Here are the ones I find myself going to a LOT. They are either free, or ones I've purchased that I found to be worth it. Keep in mind I mainly sew things for my 16 month old, so there's a lot of baby and boy clothes on this list. I'll try and categorize so you can skip over anything you're not interested in. Click on the pictures to go to the link or a Pinterest pin that will take you there.

Baby Items:

 1. FREE Baby burp cloths (The author of this website, Dana Made It, has almost singlehandedly taught me to sew and you will see a few more of hers on this list. Her tutorials are AWESOME, full of pictures, and are written so clearly. A must for anyone new to sewing.)

Click for link

Turn all those swaddle blankets into PJ's for the kiddo:
FREE Baby bib tutorial and pattern (makes a great baby gift)
FREE Baby Boy Romper tutorial and pattern. This one I didn't use as much as the following, but it is free and has good pictures. Melly Sews is also a great and informative website for newbies.

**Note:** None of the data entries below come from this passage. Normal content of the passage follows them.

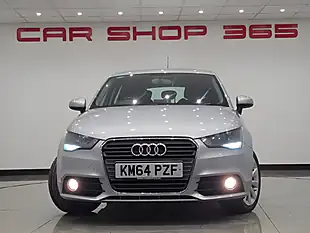 Used 2014 Audi A1 Sport Silver - Interior and Exterior details 14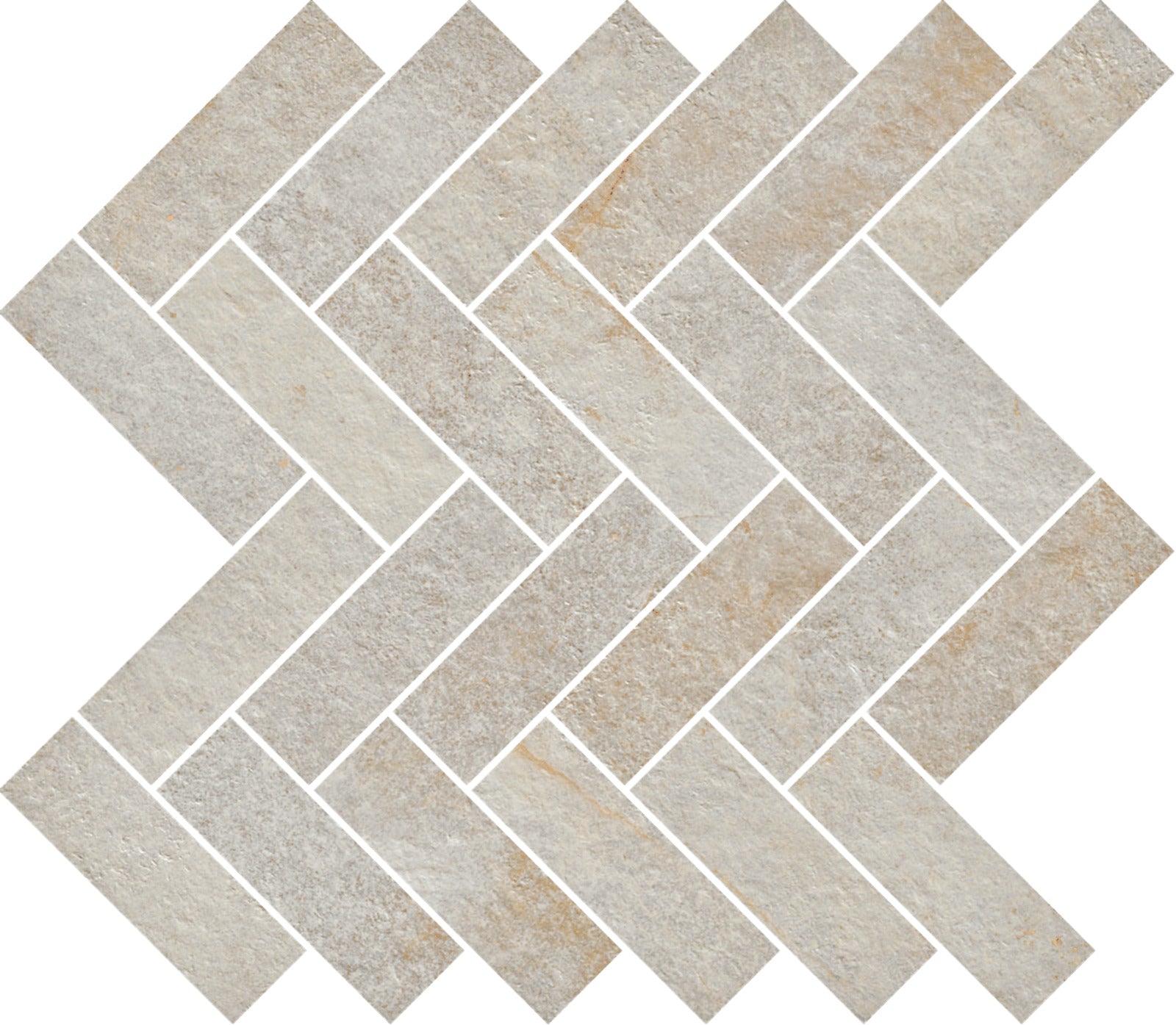 Stoneway Ardesia Bianco Mosaico Freccia 30x36 - Gres Porcellanato di RAGNO - Prezzo solo €29.61! Compra ora su CEGO CERAMICHE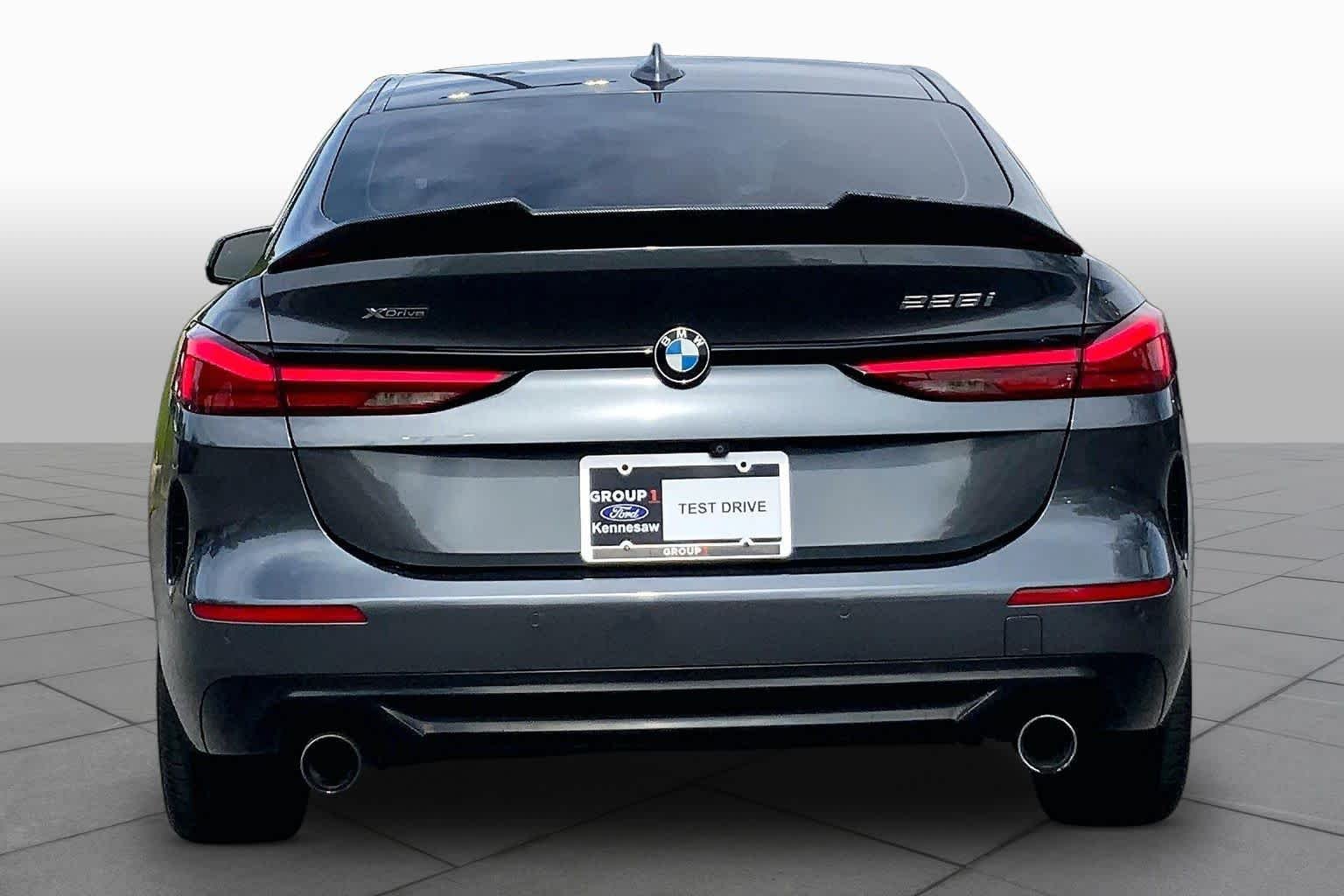 Used 2021 Mineral Grey Metallic BMW 228i xDrive image 5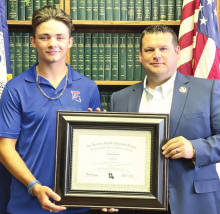 Sheriff Announces DeSoto Scholarship Recipients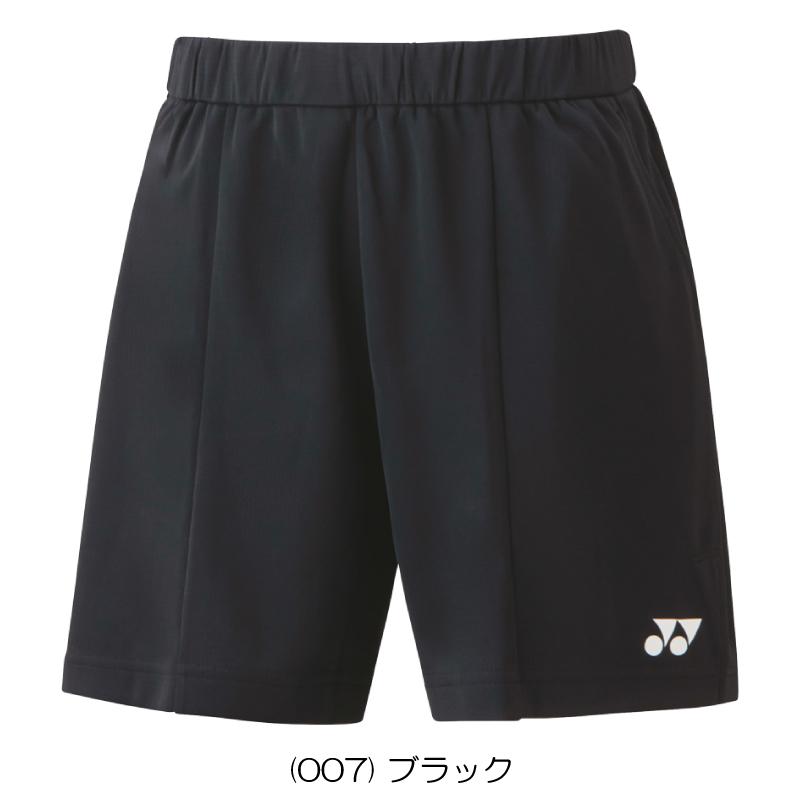 YONEX ニットハーフパンツ　Oサイズ YONEX（ヨネックス） ニットハーフパンツ 15138 テニスウェア : R
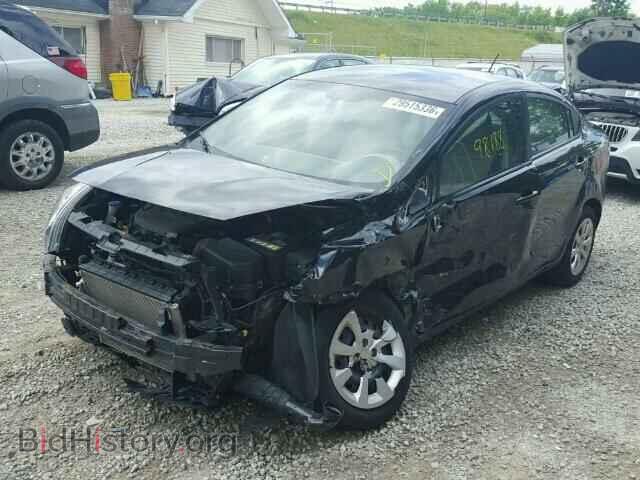 2012 KIA RIO - VIN: KNADM4A34C6092492 - Фото 2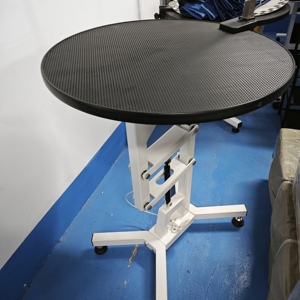 <span class=keywords><strong>Table</strong></span> de toilettage pour chien polyvalente, plateforme électrique avec bras de toilettage amovibles - Product Image 3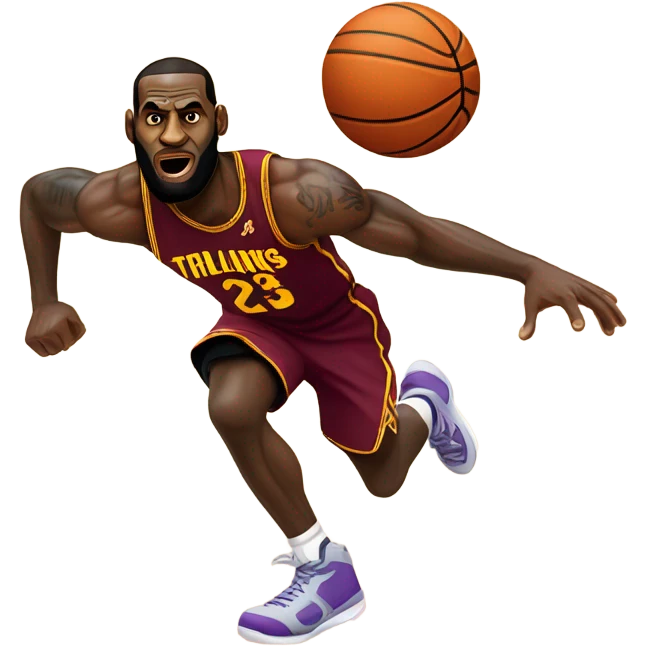 lebron emoji
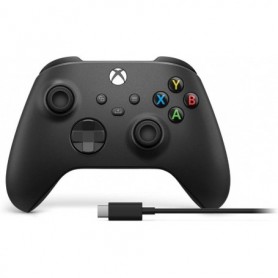 Manette Bluetooth Xbox avec Câble pour PC  Windows 10 & 11, Android et iOS Manette Bluetooth Xbox avec Câble pour PC  Windows 10 & 11, Android et iOS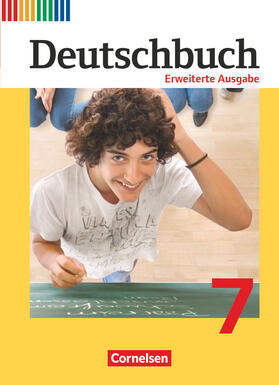 Berghaus / Wagener / Dick |  Deutschbuch 7. Schuljahr. Erweiterte Ausgabe - Schülerbuch | Buch |  Sack Fachmedien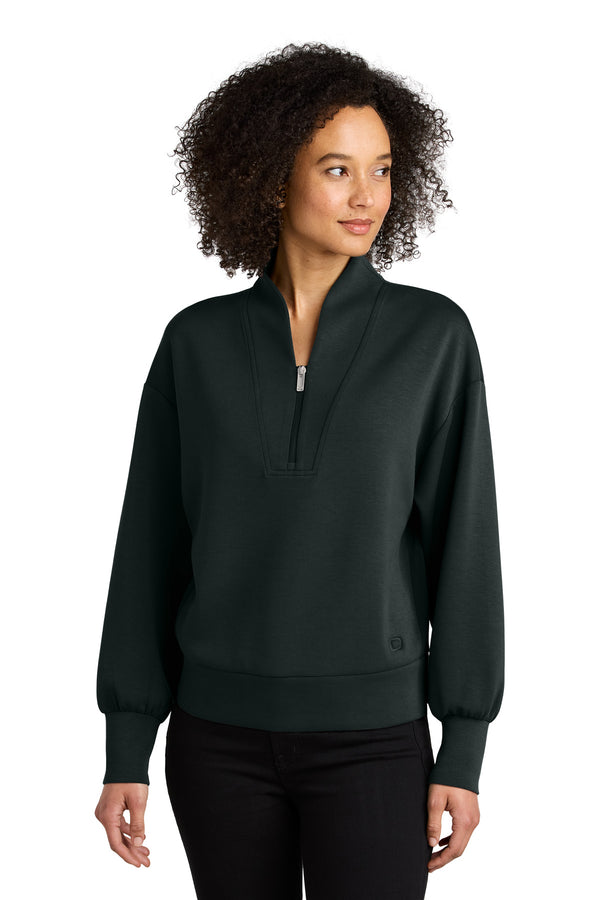 OGIO LOG861 Women's Transcend 1/4-Zip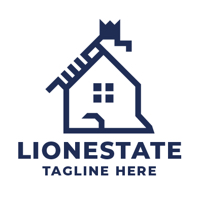 Lion Real Estate Logo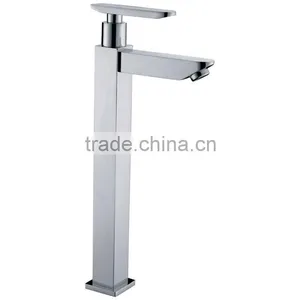 High Quality Brass Cold Tap, Polish and Chrome Finish, Wall Mounted Quality Choice thumbnail-1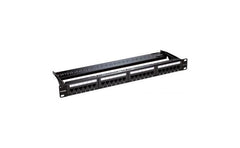 D Link Npp C62blk241 24 Port Cat6 Utp Fully Loaded Patch Panel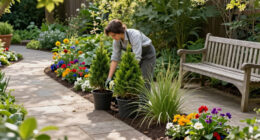 9 Quick Landscape Designer Tricks To Instantly Make A New Garden Look Mature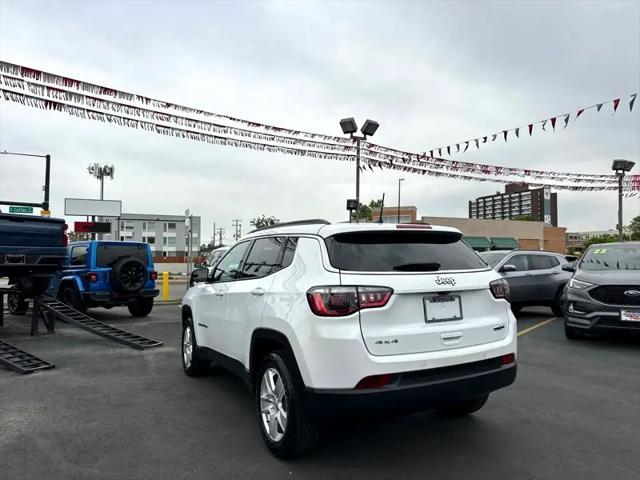 used 2022 Jeep Compass car, priced at $25,900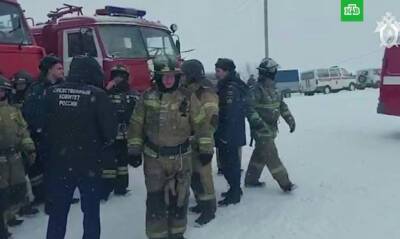 Спасательно-поисковую операцию на шахте «Листвяжная» приостановили из-за угрозы взрыва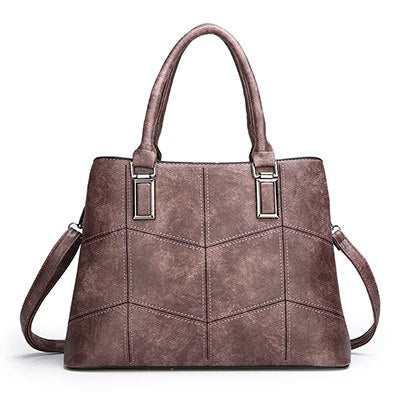 three-piece pu handbag set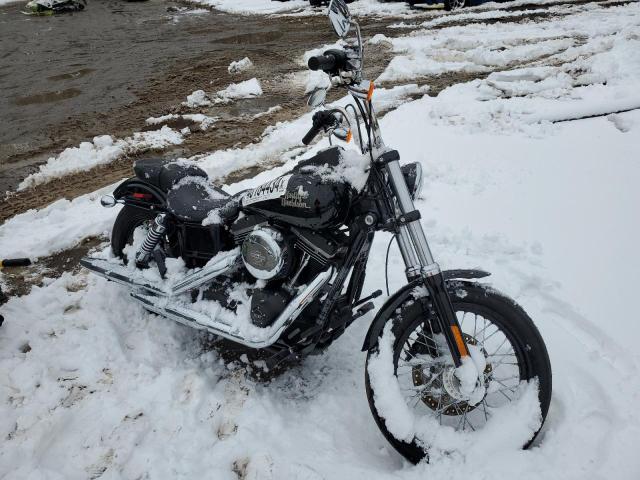 Изображение 1 2017 HARLEY-DAVIDSON FXDB DYNA STREET BOB 2017 с VIN 1HD1GXM17HC324504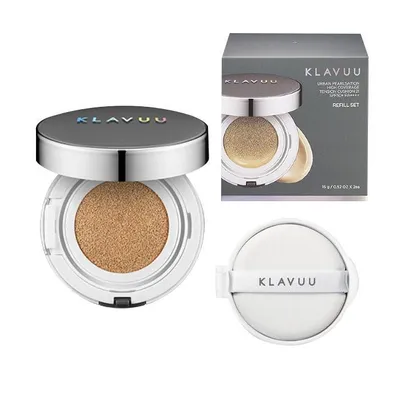 Klavuu Urban Pearlsation High Coverage Tension Cushion (Podkład do twarzy z SPF50)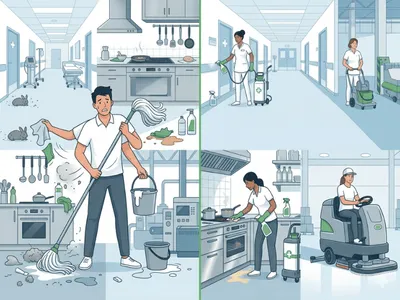 Od univerzálního úklidu ke specializaci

Simple Leggings... I made the heck out of these. They are great for hipster baby boys or of course, for little girls.
This pattern was only $6.95 on Etsy and is super-easy to follow. I had a hard time at first with the lining/outer layer aspect of rompers, and this pattern lead me to the first successful, complete outfit.
Fuddie Duddies on Etsy

Kid Items:

1. Another one from Dana Made It. Kid pants! So easy once you get the hang of it!

2. A modification of the above-- the kid tuxedo stripe pant. Too cute. Made by Rae is another website I loved as just a generally great resource.
3. Another by Rae I use all the time is this skinny t pattern that I purchased for around $7. Another one well worth the money, in my opinion. And there are lots of other tutorials on modifications of this pattern, like a button-down cardi (too cute).

Around the Home Items:

PILLOWS are something I love to make now... changing out a pillow can really change up a room, and a lot of times you can make one from a great remnant on sale at the fabric store. Here are some of my favorite pillow tutorials:


Sewing projects for the home, courtesy of Martha Stewart:
Coffee cozies make cute little gifts, don't take long to make, and make you feel accomplished for finishing so quickly.
For all those scraps you have after making aforementioned projects:
A great email list to subscribe to is AllFreeSewing. They send projects every day that really are worth taking a look at, and are done by theme. Most of them are in the "easy" category, which means I like it that much more.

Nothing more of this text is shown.